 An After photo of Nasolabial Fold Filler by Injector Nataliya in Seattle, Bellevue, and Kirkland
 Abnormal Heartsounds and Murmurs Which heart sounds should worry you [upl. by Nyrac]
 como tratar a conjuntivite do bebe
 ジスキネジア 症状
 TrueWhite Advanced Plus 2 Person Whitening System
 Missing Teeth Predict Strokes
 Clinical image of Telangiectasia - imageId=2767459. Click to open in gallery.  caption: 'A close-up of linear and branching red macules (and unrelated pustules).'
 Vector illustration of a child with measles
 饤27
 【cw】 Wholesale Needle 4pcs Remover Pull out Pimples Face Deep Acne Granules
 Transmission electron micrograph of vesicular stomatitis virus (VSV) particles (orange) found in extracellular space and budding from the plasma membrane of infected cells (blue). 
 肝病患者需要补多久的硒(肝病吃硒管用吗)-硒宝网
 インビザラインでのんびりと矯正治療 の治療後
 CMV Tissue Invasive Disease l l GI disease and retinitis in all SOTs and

================================

▶ [HOW TO COMPLETE THIS TASK] Beginning with the line in which "インビザラインでのんびりと矯正治療 の治療後" appears, set down each line through the last one in the listing, unchanged and with no extras.

▶ [ANSWER TO THIS TASK]
 インビザラインでのんびりと矯正治療 の治療後
 CMV Tissue Invasive Disease l l GI disease and retinitis in all SOTs and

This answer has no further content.